Slather on the sunscreen first then apply bug spray to your kids’ uncovered skin and clothes. Remember to tell your kids to hold their breath when you grab the bug repellent and to apply it in a well-ventilated area away from flames (like maybe the backyard). Do not spray the repellent onto your kids’ faces or ears; rather, spray some onto your hands and spread it on evenly.

3. Allow Everyone to Choose At Least One Activity

True staycation success is measured by the happiness and enjoyment everyone experiences. But, if you’re a control freak -- and we’re not pointing fingers here -- you run the risk of your children saying that the activities are boring or unfair (The truth is they’ll say that anyway). To reduce whining and arguing, allow everyone to choose at least one activity.

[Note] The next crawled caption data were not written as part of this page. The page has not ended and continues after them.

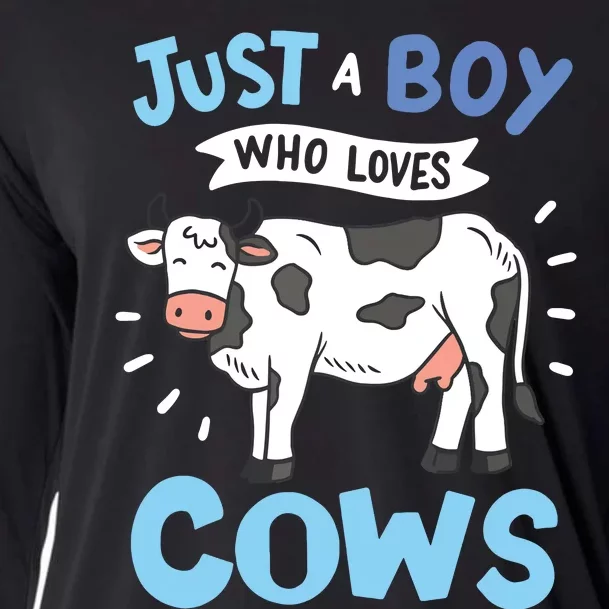 Cow Just A Boy Who Loves Cows Gift For Cow Lovers Cooling Performance Long Sleeve Crew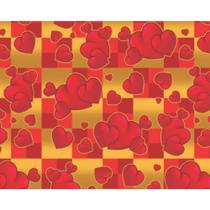 Papel Presente Bobina Couchê 40CM - Corações VERMELHO/OURO - 100 Metros Papel Presente Bobina Couchê 40CM - Corações VERMELHO/OURO - 100 Metros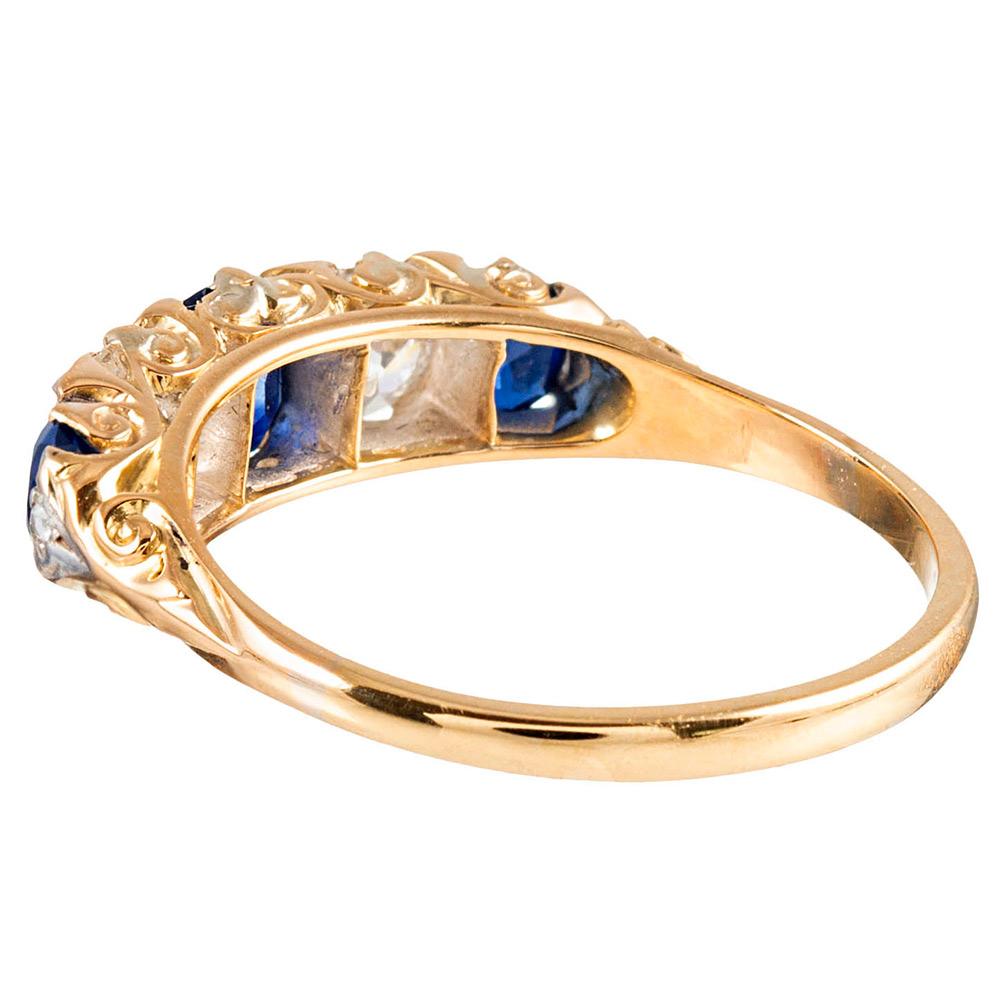 Victorian English Carved Sapphire and Diamond Ring In Good Condition In Carmel-by-the-Sea, CA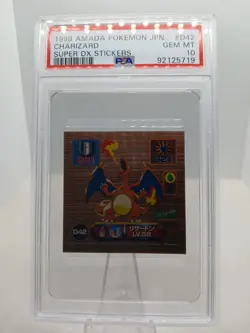 1998 Amada Charizard Japanese Super Dx Stickers Pokemon Psa 10 Gem Mint #D42 - Image 1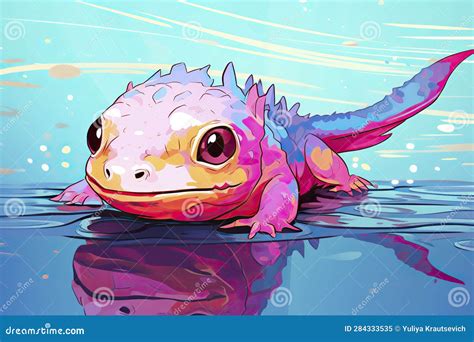Cute Axolotl. Pop Art Illustration Stock Illustration - Illustration of ...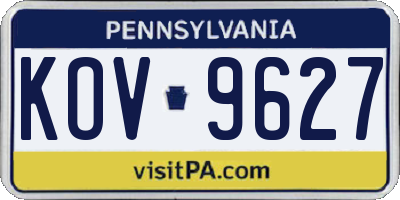 PA license plate KOV9627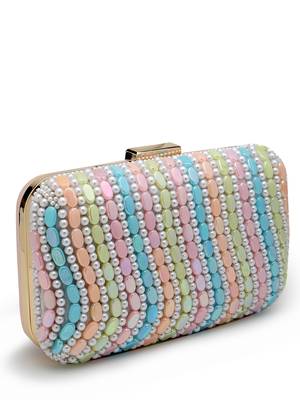 adorn pastel multi wave embellished faux silk clutch 5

Now, that’s not to say that you should give your kids the freedom to choose anything. It’s especially important that you do not overwhelm your kids with options, either. Young children should choose between only two options, but you can give older children a few more as appropriate. Try to offer choices that will result in a combination of indoor and outdoor activities, and more active and less active recreation.

When you give kids choices, you invite cooperation and strengthen their sense of community while building respect and capitalizing on their need for autonomy. You also can point out that each person got a choice, and that you made the staycation as fair as possible should any arguments arise.

Staycations are an affordable, time-saving alternative to traditional family vacations. To do a staycation the right way, keep safety in mind, protect your kids with sunscreen and bug repellent, and give everyone a say!